In March, 1977, a pair of debut novelists split a brand-new literary prize, the Books in Canada First Novel Award. Sharing $1,000 were Ian McLachlan for The Seventh Hexagram, long out-of-print, who went on to publish several more novels, plays, and books of non-fiction and is currently professor emeritus at Trent University in Peterborough, and Michael Ondaatje for Coming Through Slaughter, a fictionalized life of the jazz great Buddy Bolden. Ondaatje went on to enjoy one of the most successful careers of any Canadian author of the latter half of the 20th century, collecting major literary awards ranging from from the Booker to the Giller.

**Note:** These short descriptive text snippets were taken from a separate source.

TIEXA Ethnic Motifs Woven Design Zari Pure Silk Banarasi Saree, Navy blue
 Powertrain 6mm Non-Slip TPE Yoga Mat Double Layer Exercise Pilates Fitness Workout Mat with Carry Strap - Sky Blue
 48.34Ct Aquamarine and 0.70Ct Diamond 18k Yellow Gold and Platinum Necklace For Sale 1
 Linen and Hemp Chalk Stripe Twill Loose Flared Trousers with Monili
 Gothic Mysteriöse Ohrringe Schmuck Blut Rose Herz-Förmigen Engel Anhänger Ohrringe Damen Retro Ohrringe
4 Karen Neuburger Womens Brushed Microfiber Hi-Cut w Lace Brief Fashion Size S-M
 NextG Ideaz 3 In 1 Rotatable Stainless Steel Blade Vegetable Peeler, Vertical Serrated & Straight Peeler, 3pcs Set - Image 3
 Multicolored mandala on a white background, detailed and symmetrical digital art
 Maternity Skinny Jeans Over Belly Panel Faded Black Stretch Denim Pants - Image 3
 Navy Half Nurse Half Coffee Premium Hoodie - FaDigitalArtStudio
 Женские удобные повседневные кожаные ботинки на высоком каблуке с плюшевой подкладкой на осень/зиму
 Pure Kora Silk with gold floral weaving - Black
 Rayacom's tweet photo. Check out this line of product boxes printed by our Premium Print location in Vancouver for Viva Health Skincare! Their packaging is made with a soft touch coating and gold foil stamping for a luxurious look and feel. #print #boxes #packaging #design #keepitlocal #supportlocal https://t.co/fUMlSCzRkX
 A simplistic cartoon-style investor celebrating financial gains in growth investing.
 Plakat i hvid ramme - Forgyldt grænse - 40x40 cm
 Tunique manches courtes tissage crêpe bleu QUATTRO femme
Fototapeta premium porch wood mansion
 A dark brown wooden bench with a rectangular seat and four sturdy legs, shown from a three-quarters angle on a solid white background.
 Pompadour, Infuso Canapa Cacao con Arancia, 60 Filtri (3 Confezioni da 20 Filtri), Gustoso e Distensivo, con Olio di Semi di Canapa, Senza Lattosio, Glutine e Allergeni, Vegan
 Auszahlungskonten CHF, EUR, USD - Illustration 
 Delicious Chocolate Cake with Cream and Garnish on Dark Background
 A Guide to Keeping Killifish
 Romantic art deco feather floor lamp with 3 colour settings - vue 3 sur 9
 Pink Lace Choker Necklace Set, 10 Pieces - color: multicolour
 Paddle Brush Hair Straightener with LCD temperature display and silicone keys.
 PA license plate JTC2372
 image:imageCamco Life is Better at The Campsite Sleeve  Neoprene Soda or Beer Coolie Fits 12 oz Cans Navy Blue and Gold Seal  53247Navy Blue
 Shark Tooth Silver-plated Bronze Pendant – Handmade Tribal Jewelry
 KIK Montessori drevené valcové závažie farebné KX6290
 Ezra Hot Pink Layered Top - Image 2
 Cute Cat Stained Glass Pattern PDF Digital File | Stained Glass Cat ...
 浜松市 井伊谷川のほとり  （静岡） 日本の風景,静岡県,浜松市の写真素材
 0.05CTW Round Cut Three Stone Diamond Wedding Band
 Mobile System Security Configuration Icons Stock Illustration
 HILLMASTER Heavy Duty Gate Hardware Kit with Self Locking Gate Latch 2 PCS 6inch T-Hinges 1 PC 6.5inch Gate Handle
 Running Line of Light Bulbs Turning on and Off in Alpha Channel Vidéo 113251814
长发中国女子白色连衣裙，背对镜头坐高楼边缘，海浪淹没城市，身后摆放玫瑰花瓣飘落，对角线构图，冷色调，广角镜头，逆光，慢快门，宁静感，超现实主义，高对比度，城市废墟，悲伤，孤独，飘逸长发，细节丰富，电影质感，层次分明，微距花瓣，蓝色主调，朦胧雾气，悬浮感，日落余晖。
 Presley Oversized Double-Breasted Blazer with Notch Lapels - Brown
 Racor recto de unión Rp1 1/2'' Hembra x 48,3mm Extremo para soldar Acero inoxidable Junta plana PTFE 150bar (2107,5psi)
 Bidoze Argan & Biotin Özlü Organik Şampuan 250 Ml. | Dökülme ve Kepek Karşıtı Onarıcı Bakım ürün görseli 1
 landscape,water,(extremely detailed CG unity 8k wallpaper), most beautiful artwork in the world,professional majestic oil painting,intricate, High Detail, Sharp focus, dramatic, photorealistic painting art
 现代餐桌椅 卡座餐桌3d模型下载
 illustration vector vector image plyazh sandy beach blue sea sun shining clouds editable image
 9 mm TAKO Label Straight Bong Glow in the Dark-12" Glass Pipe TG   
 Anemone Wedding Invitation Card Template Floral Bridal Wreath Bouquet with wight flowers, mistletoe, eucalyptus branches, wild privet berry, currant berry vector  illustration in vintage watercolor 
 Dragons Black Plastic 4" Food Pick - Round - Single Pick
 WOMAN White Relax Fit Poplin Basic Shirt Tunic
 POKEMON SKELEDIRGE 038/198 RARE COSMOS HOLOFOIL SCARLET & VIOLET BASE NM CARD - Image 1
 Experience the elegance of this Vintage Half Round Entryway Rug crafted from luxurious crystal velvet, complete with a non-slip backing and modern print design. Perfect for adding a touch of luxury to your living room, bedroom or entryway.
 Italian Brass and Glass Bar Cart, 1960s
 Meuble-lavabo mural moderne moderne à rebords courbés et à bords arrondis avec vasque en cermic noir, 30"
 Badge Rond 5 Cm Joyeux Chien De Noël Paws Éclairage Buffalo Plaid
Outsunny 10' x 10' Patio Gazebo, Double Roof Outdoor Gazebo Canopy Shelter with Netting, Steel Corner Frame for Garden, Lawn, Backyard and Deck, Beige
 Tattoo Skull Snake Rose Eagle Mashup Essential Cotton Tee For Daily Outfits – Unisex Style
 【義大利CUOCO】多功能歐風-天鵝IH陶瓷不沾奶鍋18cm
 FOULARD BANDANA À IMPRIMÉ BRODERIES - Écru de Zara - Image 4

On Thursday, Alix Hawley was named the latest winner of the Amazon.ca First Novel Award, as the prize is now known, for her novel All True Not A Lie In It. The 39-year-old resident of Kelowna, B.C. joins an impressive list of authors whose careers have been launched, in part, by the prize: Joy Kogawa, W.P. Kinsella, Wayne Johnston, Nino Ricci, Rohinton Mistry, Anne Michaels, Joseph Boyden, Eleanor Catton. (An earlier, similar prize for a Canadian debut novel – the Beta Sigma Phi Award – was awarded between 1956 and 1967 and featured a similarly impressive list of recipients, including Brian Moore, Sheila Watson, and Margaret Laurence.)

In addition to Hawley's novel, a reimagining of the life of American folk hero Daniel Boone, this year's shortlist featured 33-year-old Sean Michaels' Giller Prize-winning debut, Us Conductors, a fictionalized account of the Russian inventor Lev Termen; 34-year-old Emma Hooper's Etta and Otto and Russell and James, in which an elderly woman walks across Canada in order to see the Atlantic Ocean; 31-year-old Guillaume Morissette's New Tab, a year in the life of a young Montreal video game designer; and Chelsea Rooney's Pedal, in which a graduate student and a pedophile embark on a bike trip across Canada. ("Pedal is a difficult book," admits Rooney, 31. "After I do a reading, I often feel like I should go up to everyone and apologize to them for having written it.")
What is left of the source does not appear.